Miami-Dade County commissioners on Tuesday took swift action to prevent themselves from doing two things they haven’t attempted in more than a decade: appropriating the profits of Jackson Health System and imposing “unfunded mandates” on the taxpayer owned healthcare provider.
Commissioners voted unanimously to change the county ordinance that governs Jackson, waiving their power to use Jackson’s budget surpluses, which reached a record $64 million in 2015. They also agreed not to add new responsibilities to the public healthcare network without the money to pay for it.
The last time Miami-Dade commissioners tried to do something similar was in 1999, when they voted to add $17.5 million in expenses for Jackson, including a health insurance program for poor children.
“It put Jackson in some financial jeopardy,” Jackson CEO Carlos Migoya told commissioners.
Tuesday’s changes will allow the hospital system’s administrators to better ensure “the long-term future and success” of Jackson, he said.
But critics called the changes premature, and they urged commissioners to wait for the mayor’s office to complete a report on Miami-Dade’s plan for providing healthcare for the county’s uninsured residents in the face of dwindling federal funds to help defray those costs.
Steven Marcus, CEO of the nonprofit Health Foundation of South Florida, which funds local healthcare efforts, told commissioners he was surprised by the urgency of the ordinance amendment, which bypassed committees and received its first public hearing on Tuesday, the same day it was approved.
Marcus said he had hoped the mayor’s report on indigent healthcare would provide guidance for Jackson to fulfill its mission of providing a single standard of care for all residents of Miami-Dade, regardless of their ability to pay.
“We can deliver care for indigents better than we do today,” he said.
Miriam Harmatz, a healthcare attorney with the nonprofit Florida Legal Services, a legal aid group, urged commissioners to work openly to find a solution to a scheduled reduction in federal funds, known as Low Income Pool or LIP, for Florida hospitals to provide indigent care.
“There’s been no public discussion,” she said.
Migoya told commissioners that he, too, was “a little uncomfortable” that the amendment had bypassed committee hearings. But he said any concerns about indigent care were unrelated.
Miami-Dade Commissioner Audrey Edmonson, who sponsored the amendment and requested it be placed on Tuesday’s agenda, concurred with Migoya.
“This has nothing to do with indigent care,” she said. “What it’s really doing is ensuring Jackson Health System has enough cash on hand for at least a year.”
Under the change, Jackson’s governing board, the Public Health Trust, will control the hospital system’s cash reserves until they are large enough to sustain operations for a year, about $1.8 billion. Any amount above that will be used to increase healthcare access throughout the county, according to the amendment.
Despite the changes, Miami-Dade commissioners will retain much of their control over Jackson, including the power to approve appointments to the governing board and to ratify the hospital system’s budget.
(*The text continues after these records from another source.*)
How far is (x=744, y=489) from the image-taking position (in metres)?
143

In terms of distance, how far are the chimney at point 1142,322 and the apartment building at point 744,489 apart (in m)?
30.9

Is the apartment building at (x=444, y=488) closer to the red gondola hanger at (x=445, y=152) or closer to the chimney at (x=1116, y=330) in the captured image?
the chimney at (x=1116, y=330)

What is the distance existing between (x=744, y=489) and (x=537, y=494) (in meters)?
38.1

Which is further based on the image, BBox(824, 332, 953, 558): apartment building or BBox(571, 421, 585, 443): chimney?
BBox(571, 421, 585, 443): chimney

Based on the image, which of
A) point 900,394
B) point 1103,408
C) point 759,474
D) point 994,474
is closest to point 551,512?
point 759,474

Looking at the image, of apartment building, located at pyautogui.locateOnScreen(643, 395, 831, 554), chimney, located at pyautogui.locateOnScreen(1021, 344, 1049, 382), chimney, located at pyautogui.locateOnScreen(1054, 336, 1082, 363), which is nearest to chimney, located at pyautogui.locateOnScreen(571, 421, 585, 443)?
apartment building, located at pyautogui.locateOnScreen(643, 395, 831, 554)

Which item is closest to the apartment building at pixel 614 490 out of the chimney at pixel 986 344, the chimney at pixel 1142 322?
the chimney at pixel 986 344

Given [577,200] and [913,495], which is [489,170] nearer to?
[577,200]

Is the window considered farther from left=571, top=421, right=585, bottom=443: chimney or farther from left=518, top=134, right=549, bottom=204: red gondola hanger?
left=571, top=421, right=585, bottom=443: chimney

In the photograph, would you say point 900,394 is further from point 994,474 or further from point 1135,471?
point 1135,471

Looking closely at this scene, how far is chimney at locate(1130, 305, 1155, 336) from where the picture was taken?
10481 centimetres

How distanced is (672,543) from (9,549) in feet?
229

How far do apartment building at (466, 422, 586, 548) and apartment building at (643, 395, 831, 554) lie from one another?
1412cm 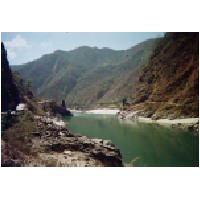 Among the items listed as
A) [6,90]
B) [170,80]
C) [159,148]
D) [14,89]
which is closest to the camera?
[6,90]

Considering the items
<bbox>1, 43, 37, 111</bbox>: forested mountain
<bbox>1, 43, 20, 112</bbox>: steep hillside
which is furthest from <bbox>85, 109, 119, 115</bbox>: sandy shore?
<bbox>1, 43, 20, 112</bbox>: steep hillside

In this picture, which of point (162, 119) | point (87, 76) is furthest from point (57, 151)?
point (87, 76)

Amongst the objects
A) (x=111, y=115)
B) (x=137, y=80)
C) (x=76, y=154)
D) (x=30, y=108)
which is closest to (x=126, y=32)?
(x=76, y=154)

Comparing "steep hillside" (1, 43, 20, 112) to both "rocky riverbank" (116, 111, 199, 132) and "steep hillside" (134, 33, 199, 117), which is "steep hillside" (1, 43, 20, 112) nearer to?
"steep hillside" (134, 33, 199, 117)

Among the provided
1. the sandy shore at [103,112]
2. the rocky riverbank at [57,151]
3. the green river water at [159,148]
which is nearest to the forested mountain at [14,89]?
the rocky riverbank at [57,151]

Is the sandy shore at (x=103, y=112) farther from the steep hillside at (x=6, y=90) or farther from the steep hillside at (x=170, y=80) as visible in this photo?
the steep hillside at (x=6, y=90)

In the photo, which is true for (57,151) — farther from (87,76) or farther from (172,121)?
(87,76)

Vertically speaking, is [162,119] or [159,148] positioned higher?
[162,119]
County taxpayers also will continue to fund Jackson, which received about $389 million in local dollars in 2015, including $242.1 million in local sales taxes, and $147.2 million in county funding and other contributions.
In addition, Jackson will get another $830 million in local taxpayer money over 10 years after Miami-Dade voters in November 2013 approved a bond referendum to fund the hospital system’s expansion and renovation.
Migoya said Jackson has lost about $120 million over the past two years because of reductions in LIP. Statewide, LIP funds are scheduled to drop from $1.1 billion for the year ending June 30 to about $608 million for the coming year.
In March, Gov. Rick Scott signed into law a plan for distributing the reduced funds, which relied on a novel system of voluntary contributions among competing hospitals to generate more federal dollars for the uninsured. But federal regulators alerted state officials in a letter dated May 20 that the plan violates the terms of Florida’s agreement for receiving the funds, and they instructed state officials to develop a new plan.
Also Tuesday, Miami-Dade commissioners appointed four members to Jackson’s seven-member governing board. Current members William “Bill” Heffernan and Irene Lipof were reappointed to three-year terms while Albert Dotson and Robert Zarco, both attorneys, were appointed to two-year terms.